Only the lines from the one containing "Terrorisme international et" through the last line of the data are to be written out, exactly and in full.

- - - -

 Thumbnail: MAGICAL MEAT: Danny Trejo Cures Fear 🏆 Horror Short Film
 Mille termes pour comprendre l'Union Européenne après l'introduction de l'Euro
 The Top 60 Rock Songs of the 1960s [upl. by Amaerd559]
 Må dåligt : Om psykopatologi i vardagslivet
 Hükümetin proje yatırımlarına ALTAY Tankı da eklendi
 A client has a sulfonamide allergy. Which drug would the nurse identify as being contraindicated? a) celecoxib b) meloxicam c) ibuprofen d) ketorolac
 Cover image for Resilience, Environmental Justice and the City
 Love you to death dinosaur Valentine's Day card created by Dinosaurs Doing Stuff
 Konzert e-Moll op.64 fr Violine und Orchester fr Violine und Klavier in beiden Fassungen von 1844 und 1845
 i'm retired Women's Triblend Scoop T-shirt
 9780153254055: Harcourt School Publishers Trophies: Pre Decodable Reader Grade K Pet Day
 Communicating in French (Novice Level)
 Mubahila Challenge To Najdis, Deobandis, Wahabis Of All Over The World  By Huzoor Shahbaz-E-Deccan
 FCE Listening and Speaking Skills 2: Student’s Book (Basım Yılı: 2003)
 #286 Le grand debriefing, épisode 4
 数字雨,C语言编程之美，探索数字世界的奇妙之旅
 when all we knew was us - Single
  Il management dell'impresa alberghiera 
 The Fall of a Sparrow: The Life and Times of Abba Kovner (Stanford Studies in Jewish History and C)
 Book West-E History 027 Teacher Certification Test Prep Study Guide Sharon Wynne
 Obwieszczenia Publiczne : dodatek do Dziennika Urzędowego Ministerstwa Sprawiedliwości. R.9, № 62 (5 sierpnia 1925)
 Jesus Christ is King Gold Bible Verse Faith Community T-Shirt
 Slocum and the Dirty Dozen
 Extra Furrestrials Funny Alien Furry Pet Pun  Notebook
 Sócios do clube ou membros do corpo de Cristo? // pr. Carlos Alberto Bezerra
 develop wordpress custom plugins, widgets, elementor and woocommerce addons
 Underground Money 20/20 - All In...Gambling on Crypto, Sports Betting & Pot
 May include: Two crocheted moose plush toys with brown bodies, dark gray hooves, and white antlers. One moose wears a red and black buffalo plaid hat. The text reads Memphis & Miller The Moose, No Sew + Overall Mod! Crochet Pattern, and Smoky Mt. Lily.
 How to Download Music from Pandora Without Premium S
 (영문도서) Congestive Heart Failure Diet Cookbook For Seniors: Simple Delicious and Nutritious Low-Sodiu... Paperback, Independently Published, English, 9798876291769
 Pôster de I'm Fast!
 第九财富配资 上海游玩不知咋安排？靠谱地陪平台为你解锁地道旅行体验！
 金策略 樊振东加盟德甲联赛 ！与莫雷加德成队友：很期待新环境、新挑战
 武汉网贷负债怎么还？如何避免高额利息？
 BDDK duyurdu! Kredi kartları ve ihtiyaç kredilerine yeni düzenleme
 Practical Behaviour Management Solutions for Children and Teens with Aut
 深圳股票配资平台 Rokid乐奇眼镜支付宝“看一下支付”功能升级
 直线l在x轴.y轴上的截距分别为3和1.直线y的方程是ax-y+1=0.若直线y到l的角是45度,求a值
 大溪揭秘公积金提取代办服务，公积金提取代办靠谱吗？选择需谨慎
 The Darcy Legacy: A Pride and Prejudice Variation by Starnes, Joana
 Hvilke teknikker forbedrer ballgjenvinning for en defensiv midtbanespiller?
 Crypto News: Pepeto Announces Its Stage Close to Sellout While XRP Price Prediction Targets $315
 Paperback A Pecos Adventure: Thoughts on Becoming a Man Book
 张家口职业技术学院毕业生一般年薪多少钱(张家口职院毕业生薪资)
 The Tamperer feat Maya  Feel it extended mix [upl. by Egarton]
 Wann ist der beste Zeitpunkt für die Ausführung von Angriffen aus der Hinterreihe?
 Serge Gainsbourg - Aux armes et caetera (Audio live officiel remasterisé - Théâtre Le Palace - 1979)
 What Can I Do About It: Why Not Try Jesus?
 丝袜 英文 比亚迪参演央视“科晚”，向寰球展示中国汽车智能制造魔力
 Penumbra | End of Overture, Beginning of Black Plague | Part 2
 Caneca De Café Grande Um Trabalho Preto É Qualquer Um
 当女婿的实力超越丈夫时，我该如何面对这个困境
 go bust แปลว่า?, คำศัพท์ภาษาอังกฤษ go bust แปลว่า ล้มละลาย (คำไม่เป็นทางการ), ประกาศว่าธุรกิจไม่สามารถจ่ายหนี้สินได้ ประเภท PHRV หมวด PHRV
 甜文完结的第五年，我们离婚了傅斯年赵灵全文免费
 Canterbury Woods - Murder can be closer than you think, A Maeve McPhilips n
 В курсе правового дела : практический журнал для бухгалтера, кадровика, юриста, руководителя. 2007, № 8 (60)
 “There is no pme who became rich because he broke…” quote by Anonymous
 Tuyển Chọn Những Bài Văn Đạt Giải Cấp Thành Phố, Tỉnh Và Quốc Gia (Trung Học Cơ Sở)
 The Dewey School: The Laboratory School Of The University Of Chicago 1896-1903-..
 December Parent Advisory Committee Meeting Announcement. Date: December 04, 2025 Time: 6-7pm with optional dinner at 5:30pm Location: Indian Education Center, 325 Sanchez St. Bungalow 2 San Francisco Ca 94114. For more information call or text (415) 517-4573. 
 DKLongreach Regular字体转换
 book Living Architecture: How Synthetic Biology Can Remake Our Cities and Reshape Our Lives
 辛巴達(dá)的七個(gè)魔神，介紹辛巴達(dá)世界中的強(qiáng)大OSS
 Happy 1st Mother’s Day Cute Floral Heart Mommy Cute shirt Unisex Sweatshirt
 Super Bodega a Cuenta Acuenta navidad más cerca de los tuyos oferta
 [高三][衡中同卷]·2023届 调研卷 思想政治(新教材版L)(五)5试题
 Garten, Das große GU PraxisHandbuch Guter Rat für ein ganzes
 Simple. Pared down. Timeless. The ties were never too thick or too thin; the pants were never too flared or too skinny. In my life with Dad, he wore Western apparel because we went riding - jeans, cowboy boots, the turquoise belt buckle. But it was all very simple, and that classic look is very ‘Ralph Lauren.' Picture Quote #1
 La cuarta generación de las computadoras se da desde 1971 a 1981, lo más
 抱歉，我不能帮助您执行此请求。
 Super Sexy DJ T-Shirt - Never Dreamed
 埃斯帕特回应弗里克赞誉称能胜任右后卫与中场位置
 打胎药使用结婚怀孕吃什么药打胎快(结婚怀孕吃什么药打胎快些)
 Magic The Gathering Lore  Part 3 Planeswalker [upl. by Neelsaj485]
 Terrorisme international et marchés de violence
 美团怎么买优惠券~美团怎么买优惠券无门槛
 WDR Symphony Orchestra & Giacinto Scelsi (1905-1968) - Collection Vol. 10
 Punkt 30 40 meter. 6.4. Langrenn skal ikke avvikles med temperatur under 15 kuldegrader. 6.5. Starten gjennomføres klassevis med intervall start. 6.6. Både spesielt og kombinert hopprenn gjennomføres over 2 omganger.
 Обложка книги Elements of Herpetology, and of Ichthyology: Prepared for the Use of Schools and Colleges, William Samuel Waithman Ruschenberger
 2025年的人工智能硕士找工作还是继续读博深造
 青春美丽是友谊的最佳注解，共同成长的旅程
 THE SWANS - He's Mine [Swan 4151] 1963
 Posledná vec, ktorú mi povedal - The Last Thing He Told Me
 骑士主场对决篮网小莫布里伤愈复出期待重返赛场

- - - -

# Solved problem
 Terrorisme international et marchés de violence
 美团怎么买优惠券~美团怎么买优惠券无门槛
 WDR Symphony Orchestra & Giacinto Scelsi (1905-1968) - Collection Vol. 10
 Punkt 30 40 meter. 6.4. Langrenn skal ikke avvikles med temperatur under 15 kuldegrader. 6.5. Starten gjennomføres klassevis med intervall start. 6.6. Både spesielt og kombinert hopprenn gjennomføres over 2 omganger.
 Обложка книги Elements of Herpetology, and of Ichthyology: Prepared for the Use of Schools and Colleges, William Samuel Waithman Ruschenberger
 2025年的人工智能硕士找工作还是继续读博深造
 青春美丽是友谊的最佳注解，共同成长的旅程
 THE SWANS - He's Mine [Swan 4151] 1963
 Posledná vec, ktorú mi povedal - The Last Thing He Told Me
 骑士主场对决篮网小莫布里伤愈复出期待重返赛场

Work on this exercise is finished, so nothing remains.